PROVIDED RECORDS:
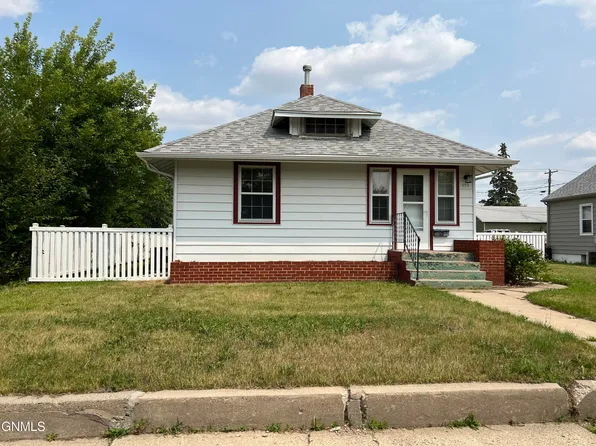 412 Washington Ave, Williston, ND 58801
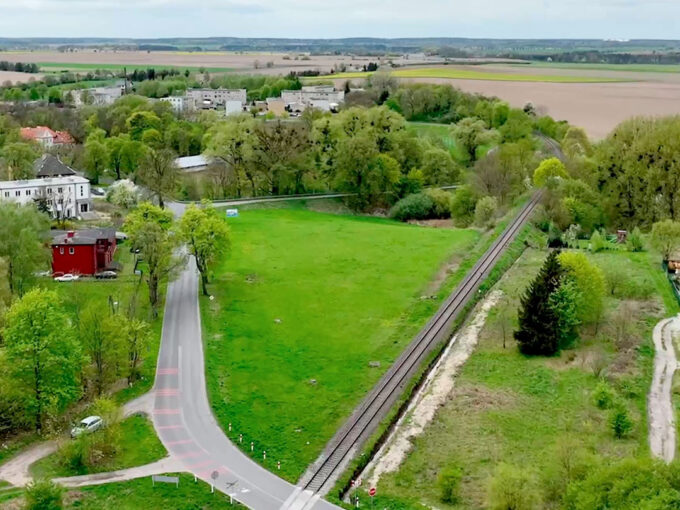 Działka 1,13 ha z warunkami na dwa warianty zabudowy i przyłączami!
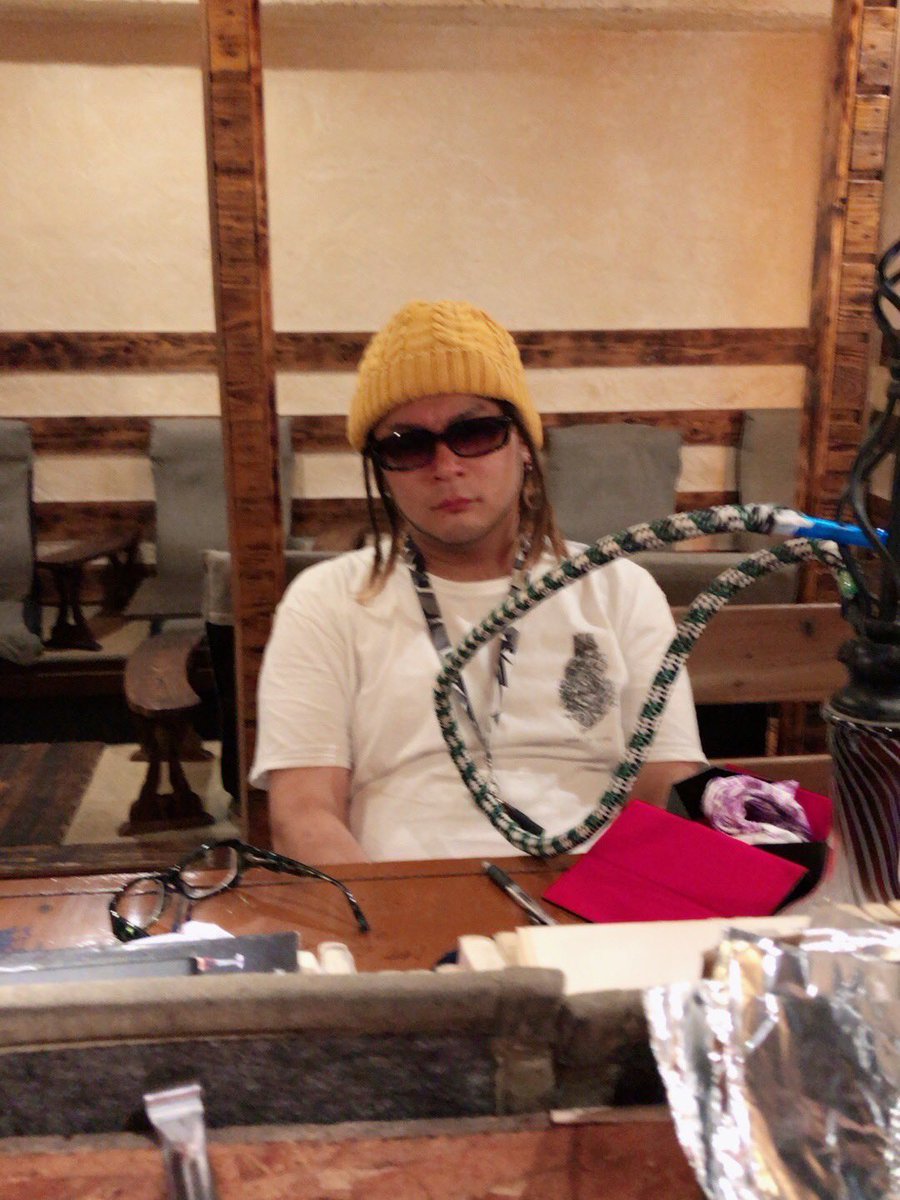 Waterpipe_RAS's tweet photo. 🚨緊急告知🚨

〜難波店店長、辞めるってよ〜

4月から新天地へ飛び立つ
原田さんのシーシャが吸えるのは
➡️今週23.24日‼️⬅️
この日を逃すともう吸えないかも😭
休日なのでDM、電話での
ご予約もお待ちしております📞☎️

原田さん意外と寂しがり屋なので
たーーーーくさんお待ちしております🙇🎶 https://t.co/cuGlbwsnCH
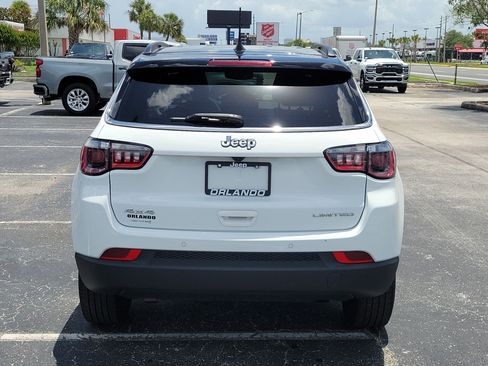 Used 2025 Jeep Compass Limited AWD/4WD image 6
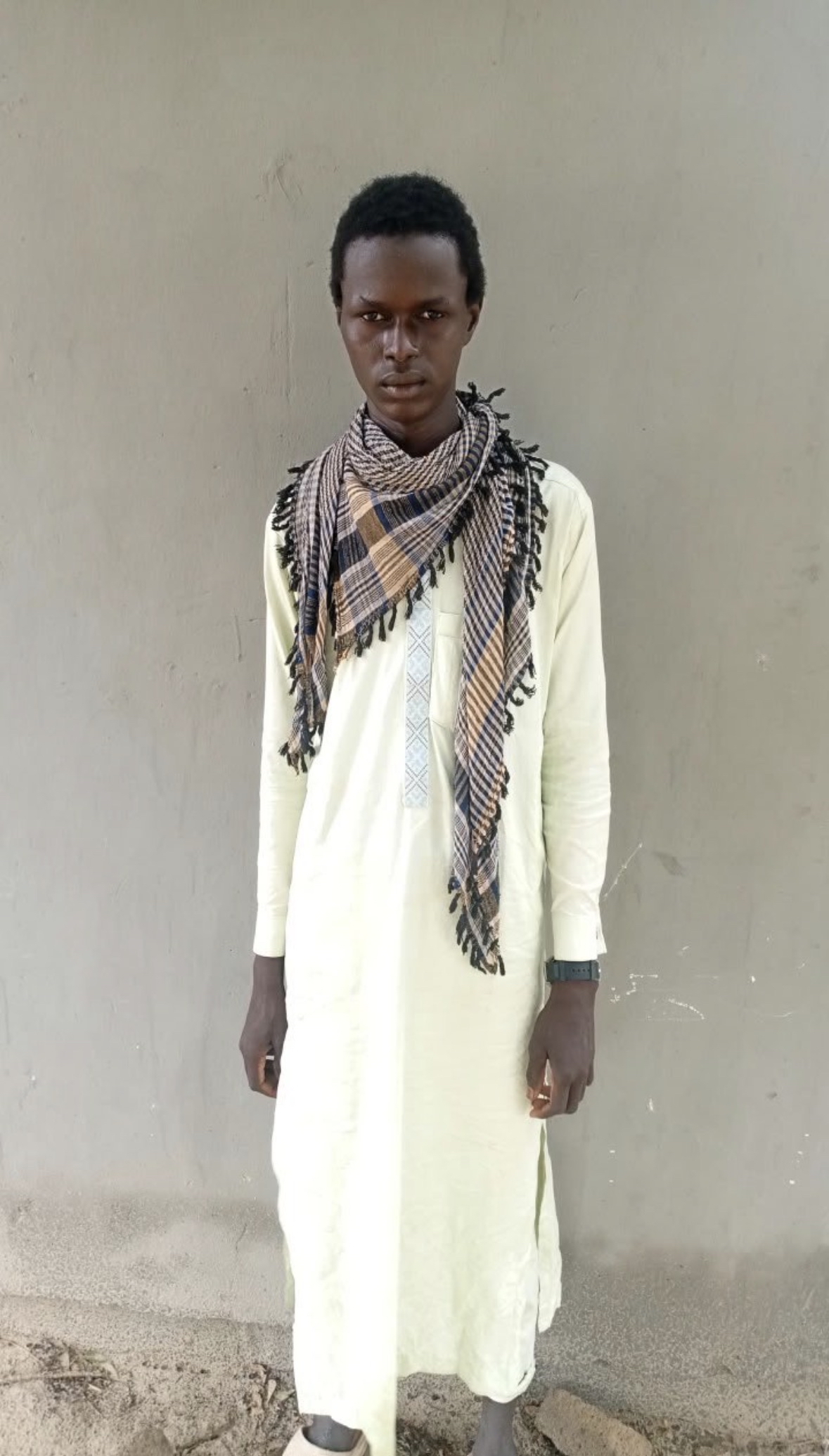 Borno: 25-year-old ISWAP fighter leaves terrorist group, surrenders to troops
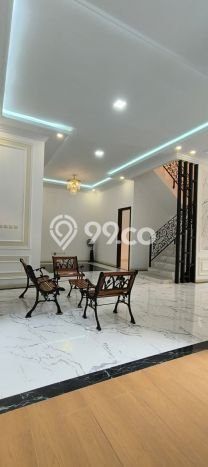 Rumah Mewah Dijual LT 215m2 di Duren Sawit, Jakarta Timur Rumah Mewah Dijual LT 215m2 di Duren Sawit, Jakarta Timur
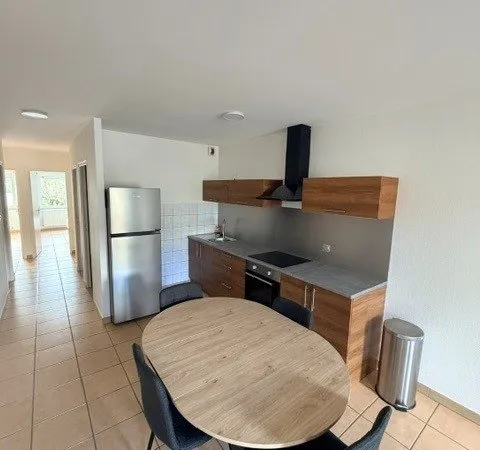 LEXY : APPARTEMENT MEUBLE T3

ABOUT THIS EXERCISE: Restate, line by line and word for word, everything from the top of the material through the line that contains "Rumah Mewah Dijual LT 215m2 di Duren Sawit, Jakarta Timur Rumah". Leave pictures out.

RESPONSE FOR THIS EXERCISE:
 412 Washington Ave, Williston, ND 58801
 Działka 1,13 ha z warunkami na dwa warianty zabudowy i przyłączami!
 Waterpipe_RAS's tweet photo. 🚨緊急告知🚨

〜難波店店長、辞めるってよ〜

4月から新天地へ飛び立つ
原田さんのシーシャが吸えるのは
➡️今週23.24日‼️⬅️
この日を逃すともう吸えないかも😭
休日なのでDM、電話での
ご予約もお待ちしております📞☎️

原田さん意外と寂しがり屋なので
たーーーーくさんお待ちしております🙇🎶 https://t.co/cuGlbwsnCH
 Used 2025 Jeep Compass Limited AWD/4WD image 6
 Borno: 25-year-old ISWAP fighter leaves terrorist group, surrenders to troops
 Rumah Mewah Dijual LT 215m2 di Duren Sawit, Jakarta Timur Rumah Mewah Dijual LT 215m2 di Duren Sawit, Jakarta Timur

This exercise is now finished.